PROVIDED INFORMATION START
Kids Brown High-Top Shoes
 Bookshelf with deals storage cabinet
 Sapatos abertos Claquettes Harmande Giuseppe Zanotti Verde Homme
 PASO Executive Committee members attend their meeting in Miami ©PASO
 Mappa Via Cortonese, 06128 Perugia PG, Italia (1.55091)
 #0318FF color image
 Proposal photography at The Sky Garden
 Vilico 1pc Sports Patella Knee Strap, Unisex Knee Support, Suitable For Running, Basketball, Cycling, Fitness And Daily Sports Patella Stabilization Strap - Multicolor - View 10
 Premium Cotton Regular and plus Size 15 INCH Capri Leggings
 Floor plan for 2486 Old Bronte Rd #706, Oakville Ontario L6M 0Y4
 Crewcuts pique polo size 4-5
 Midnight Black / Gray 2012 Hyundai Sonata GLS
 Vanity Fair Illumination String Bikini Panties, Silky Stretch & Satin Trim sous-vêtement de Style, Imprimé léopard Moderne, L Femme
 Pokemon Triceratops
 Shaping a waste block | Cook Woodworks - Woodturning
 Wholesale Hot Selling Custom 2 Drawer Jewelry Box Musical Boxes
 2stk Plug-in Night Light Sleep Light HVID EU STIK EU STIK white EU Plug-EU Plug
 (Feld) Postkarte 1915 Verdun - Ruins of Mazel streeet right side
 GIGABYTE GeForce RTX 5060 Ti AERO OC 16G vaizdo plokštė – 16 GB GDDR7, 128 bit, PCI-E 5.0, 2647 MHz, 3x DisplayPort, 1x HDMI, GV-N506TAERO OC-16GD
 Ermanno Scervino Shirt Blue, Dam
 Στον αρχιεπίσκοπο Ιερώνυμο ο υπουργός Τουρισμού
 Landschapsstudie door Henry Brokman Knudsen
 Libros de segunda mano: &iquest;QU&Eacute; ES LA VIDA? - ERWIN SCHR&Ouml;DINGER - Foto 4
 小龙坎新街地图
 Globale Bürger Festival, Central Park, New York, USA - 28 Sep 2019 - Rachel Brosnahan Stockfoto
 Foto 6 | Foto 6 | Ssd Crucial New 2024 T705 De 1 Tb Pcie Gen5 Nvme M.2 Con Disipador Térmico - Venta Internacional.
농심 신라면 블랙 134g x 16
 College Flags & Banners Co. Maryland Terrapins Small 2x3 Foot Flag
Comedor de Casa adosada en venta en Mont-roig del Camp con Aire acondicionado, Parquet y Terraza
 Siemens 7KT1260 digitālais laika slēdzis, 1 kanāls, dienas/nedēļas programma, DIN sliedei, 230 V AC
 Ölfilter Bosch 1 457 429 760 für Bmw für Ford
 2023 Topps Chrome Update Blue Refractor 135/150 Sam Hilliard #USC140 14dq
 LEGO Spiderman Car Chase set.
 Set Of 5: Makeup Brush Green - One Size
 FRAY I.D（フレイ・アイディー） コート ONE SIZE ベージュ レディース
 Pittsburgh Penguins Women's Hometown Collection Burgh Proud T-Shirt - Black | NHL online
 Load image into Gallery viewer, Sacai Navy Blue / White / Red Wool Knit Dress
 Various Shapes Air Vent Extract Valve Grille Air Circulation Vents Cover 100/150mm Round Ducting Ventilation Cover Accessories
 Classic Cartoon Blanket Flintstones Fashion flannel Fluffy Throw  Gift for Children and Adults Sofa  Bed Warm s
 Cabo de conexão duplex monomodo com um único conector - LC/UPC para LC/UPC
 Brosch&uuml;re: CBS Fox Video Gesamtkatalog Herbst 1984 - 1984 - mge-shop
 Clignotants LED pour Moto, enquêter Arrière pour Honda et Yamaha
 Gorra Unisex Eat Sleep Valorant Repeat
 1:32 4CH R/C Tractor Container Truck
PROVIDED INFORMATION END
> TASK:
Word for word, restate the lines above.

> RESULT:
Kids Brown High-Top Shoes
 Bookshelf with deals storage cabinet
 Sapatos abertos Claquettes Harmande Giuseppe Zanotti Verde Homme
 PASO Executive Committee members attend their meeting in Miami ©PASO
 Mappa Via Cortonese, 06128 Perugia PG, Italia (1.55091)
 #0318FF color image
 Proposal photography at The Sky Garden
 Vilico 1pc Sports Patella Knee Strap, Unisex Knee Support, Suitable For Running, Basketball, Cycling, Fitness And Daily Sports Patella Stabilization Strap - Multicolor - View 10
 Premium Cotton Regular and plus Size 15 INCH Capri Leggings
 Floor plan for 2486 Old Bronte Rd #706, Oakville Ontario L6M 0Y4
 Crewcuts pique polo size 4-5
 Midnight Black / Gray 2012 Hyundai Sonata GLS
 Vanity Fair Illumination String Bikini Panties, Silky Stretch & Satin Trim sous-vêtement de Style, Imprimé léopard Moderne, L Femme
 Pokemon Triceratops
 Shaping a waste block | Cook Woodworks - Woodturning
 Wholesale Hot Selling Custom 2 Drawer Jewelry Box Musical Boxes
 2stk Plug-in Night Light Sleep Light HVID EU STIK EU STIK white EU Plug-EU Plug
 (Feld) Postkarte 1915 Verdun - Ruins of Mazel streeet right side
 GIGABYTE GeForce RTX 5060 Ti AERO OC 16G vaizdo plokštė – 16 GB GDDR7, 128 bit, PCI-E 5.0, 2647 MHz, 3x DisplayPort, 1x HDMI, GV-N506TAERO OC-16GD
 Ermanno Scervino Shirt Blue, Dam
 Στον αρχιεπίσκοπο Ιερώνυμο ο υπουργός Τουρισμού
 Landschapsstudie door Henry Brokman Knudsen
 Libros de segunda mano: &iquest;QU&Eacute; ES LA VIDA? - ERWIN SCHR&Ouml;DINGER - Foto 4
 小龙坎新街地图
 Globale Bürger Festival, Central Park, New York, USA - 28 Sep 2019 - Rachel Brosnahan Stockfoto
 Foto 6 | Foto 6 | Ssd Crucial New 2024 T705 De 1 Tb Pcie Gen5 Nvme M.2 Con Disipador Térmico - Venta Internacional.
농심 신라면 블랙 134g x 16
 College Flags & Banners Co. Maryland Terrapins Small 2x3 Foot Flag
Comedor de Casa adosada en venta en Mont-roig del Camp con Aire acondicionado, Parquet y Terraza
 Siemens 7KT1260 digitālais laika slēdzis, 1 kanāls, dienas/nedēļas programma, DIN sliedei, 230 V AC
 Ölfilter Bosch 1 457 429 760 für Bmw für Ford
 2023 Topps Chrome Update Blue Refractor 135/150 Sam Hilliard #USC140 14dq
 LEGO Spiderman Car Chase set.
 Set Of 5: Makeup Brush Green - One Size
 FRAY I.D（フレイ・アイディー） コート ONE SIZE ベージュ レディース
 Pittsburgh Penguins Women's Hometown Collection Burgh Proud T-Shirt - Black | NHL online
 Load image into Gallery viewer, Sacai Navy Blue / White / Red Wool Knit Dress
 Various Shapes Air Vent Extract Valve Grille Air Circulation Vents Cover 100/150mm Round Ducting Ventilation Cover Accessories
 Classic Cartoon Blanket Flintstones Fashion flannel Fluffy Throw  Gift for Children and Adults Sofa  Bed Warm s
 Cabo de conexão duplex monomodo com um único conector - LC/UPC para LC/UPC
 Brosch&uuml;re: CBS Fox Video Gesamtkatalog Herbst 1984 - 1984 - mge-shop
 Clignotants LED pour Moto, enquêter Arrière pour Honda et Yamaha
 Gorra Unisex Eat Sleep Valorant Repeat
 1:32 4CH R/C Tractor Container Truck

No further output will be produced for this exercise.